Source information |
--
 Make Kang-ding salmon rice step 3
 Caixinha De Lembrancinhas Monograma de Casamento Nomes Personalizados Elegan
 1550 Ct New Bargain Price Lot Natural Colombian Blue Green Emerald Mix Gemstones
--
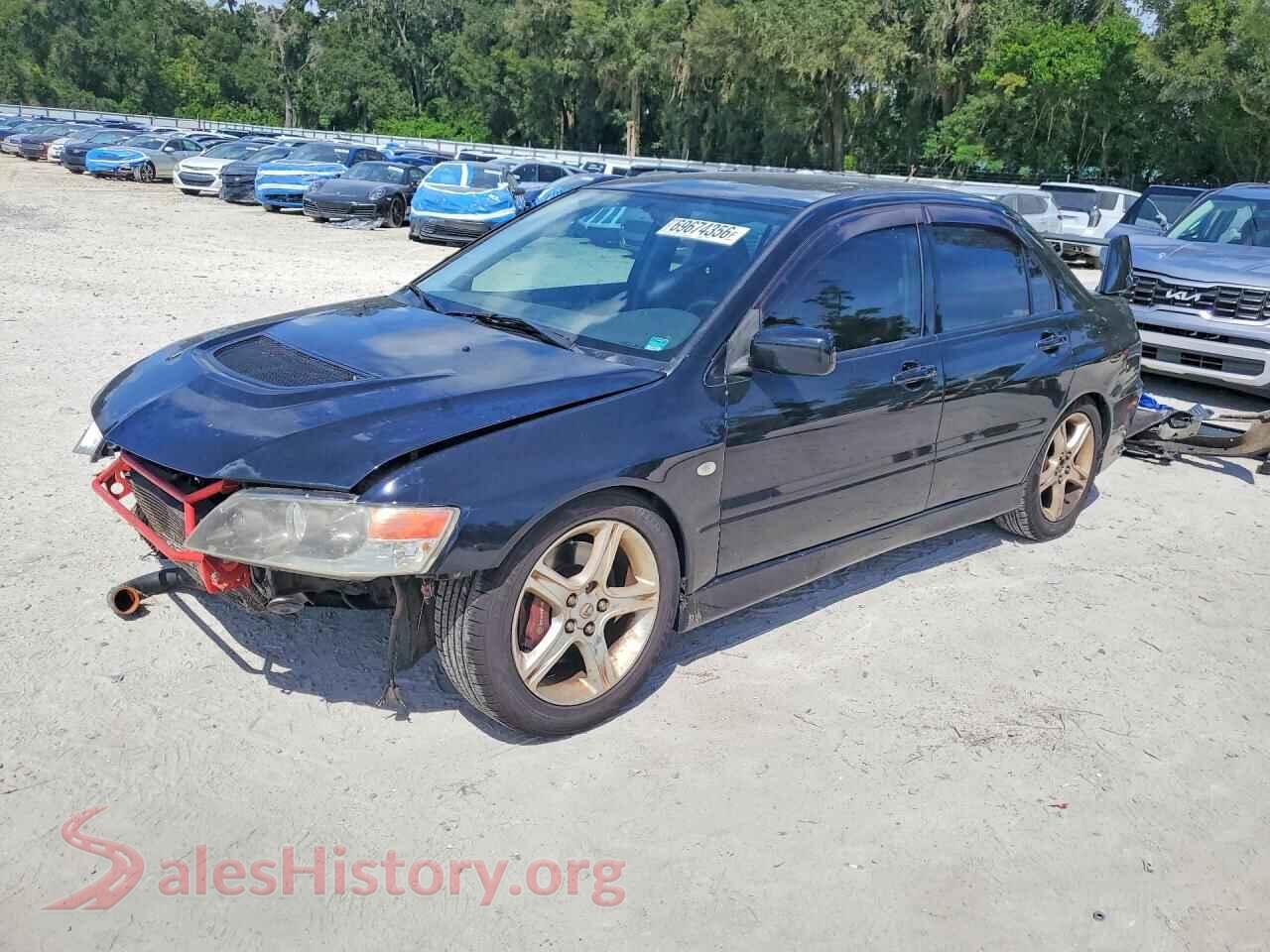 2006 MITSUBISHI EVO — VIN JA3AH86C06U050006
--
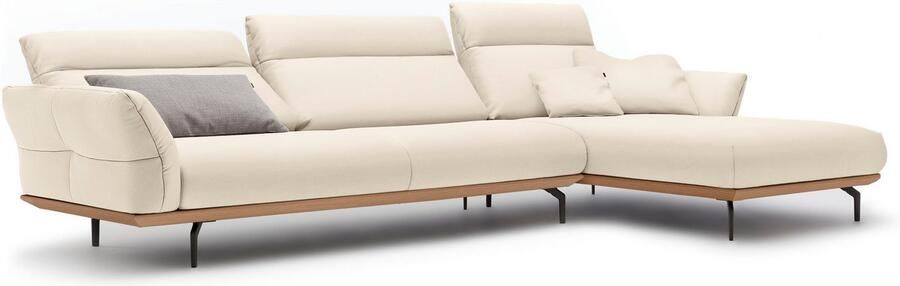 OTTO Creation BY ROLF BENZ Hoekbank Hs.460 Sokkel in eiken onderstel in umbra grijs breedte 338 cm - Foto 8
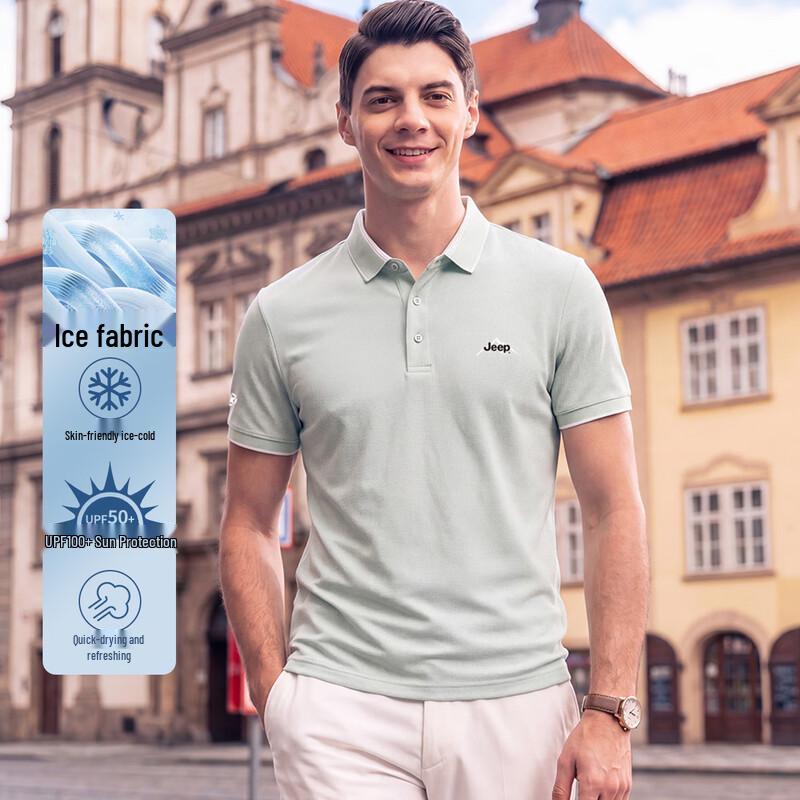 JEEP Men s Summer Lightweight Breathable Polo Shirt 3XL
--
Task description | From the records above, print only the lines between the one holding "Make Kang-ding salmon rice step 3" and the one holding "1550 Ct New", inclusive, exactly as they stand.

Exercise output |
 Make Kang-ding salmon rice step 3
 Caixinha De Lembrancinhas Monograma de Casamento Nomes Personalizados Elegan
 1550 Ct New Bargain Price Lot Natural Colombian Blue Green Emerald Mix Gemstones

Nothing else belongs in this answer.